SUPPLIED DATA -
#####
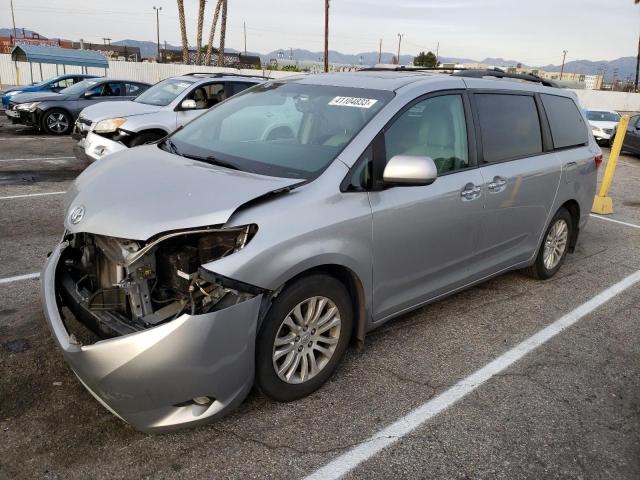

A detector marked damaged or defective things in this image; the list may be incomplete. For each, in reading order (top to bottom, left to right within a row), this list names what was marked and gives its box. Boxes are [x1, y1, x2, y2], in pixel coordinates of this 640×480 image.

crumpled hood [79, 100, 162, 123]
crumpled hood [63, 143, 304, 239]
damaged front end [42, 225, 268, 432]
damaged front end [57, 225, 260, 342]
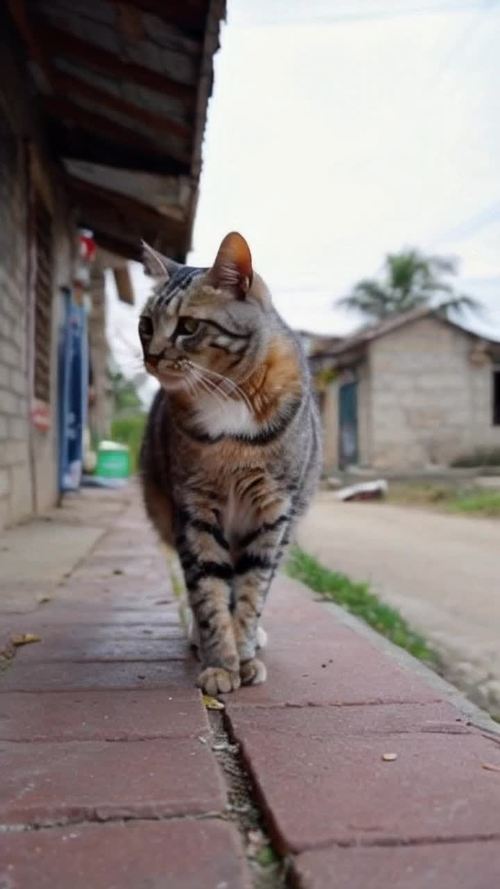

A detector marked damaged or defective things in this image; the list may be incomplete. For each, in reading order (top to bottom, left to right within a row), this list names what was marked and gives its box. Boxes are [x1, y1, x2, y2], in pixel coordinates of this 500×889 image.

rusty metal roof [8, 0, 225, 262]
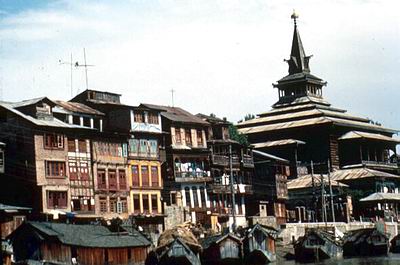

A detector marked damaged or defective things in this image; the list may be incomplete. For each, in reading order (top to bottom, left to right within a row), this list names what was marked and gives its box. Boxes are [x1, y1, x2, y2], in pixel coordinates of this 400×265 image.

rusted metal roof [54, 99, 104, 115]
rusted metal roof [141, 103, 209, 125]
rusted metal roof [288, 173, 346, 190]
#####
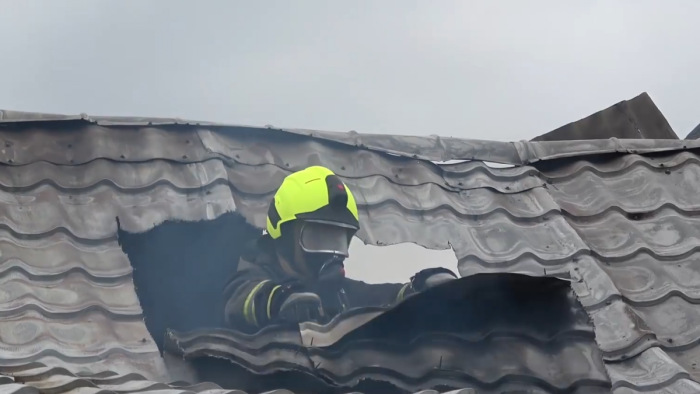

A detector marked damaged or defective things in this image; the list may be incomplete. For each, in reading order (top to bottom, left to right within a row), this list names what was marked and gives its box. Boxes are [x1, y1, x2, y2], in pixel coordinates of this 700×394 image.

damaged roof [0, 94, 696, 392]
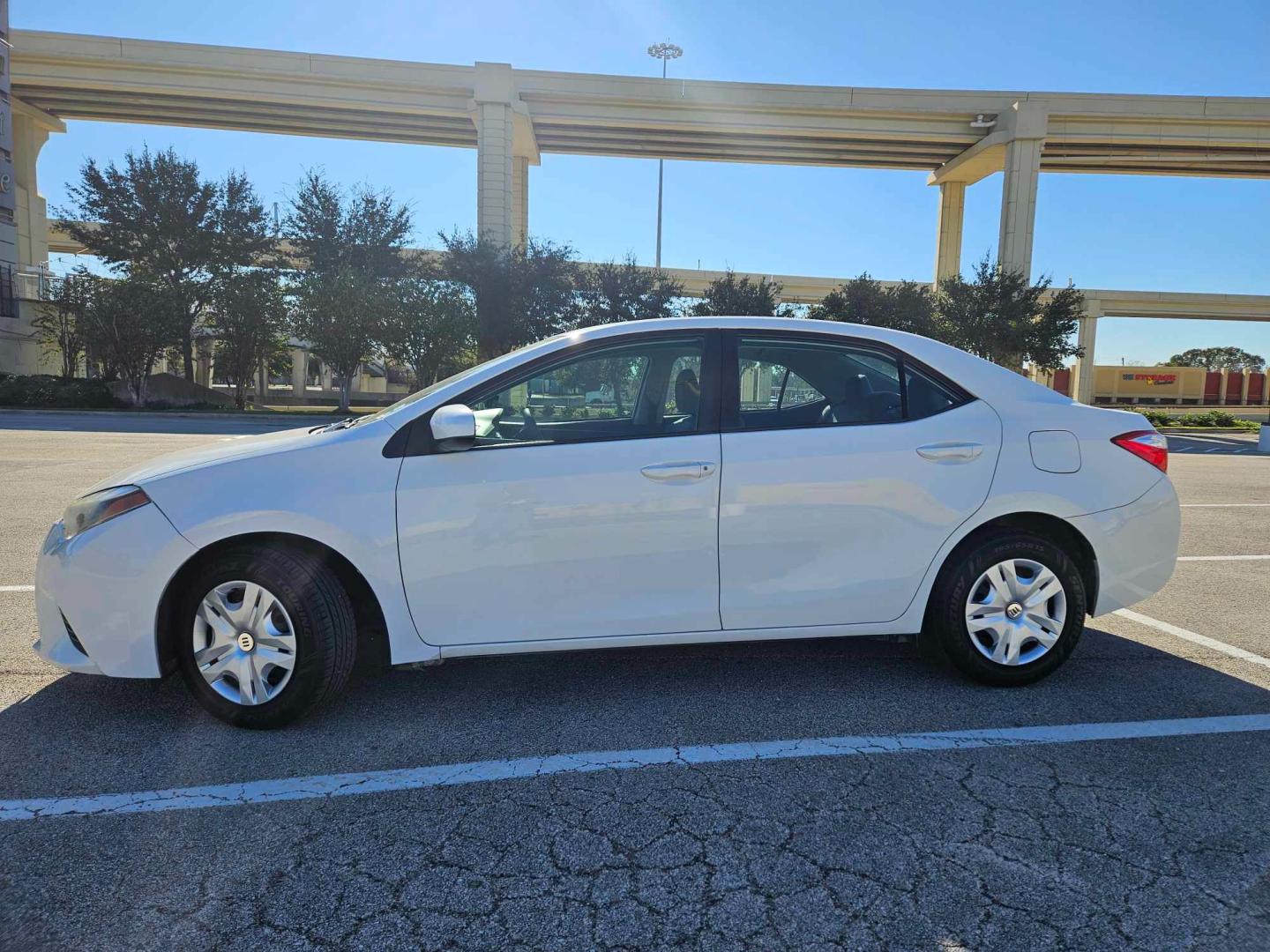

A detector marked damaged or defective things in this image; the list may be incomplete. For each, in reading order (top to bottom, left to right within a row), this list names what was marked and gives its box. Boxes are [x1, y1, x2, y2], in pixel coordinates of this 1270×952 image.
#####
THE PROBLEM - Everything from the line above that contains "this 700×394 image." down to the line that contains "this 1270×952 image." must be reproduced exactly, both ends included. Omit the pictures.

TASK RESPONSE -
A detector marked damaged or defective things in this image; the list may be incomplete. For each, in reading order (top to bottom, left to right within a row), this list names what was marked and gives its box. Boxes are [x1, y1, x2, y2], in pixel coordinates of this 700×394 image.

damaged roof [0, 94, 696, 392]

A detector marked damaged or defective things in this image; the list may be incomplete. For each, in reading order (top to bottom, left to right within a row), this list names what was marked and gives its box. Boxes are [x1, y1, x2, y2], in pixel coordinates of this 1270×952 image.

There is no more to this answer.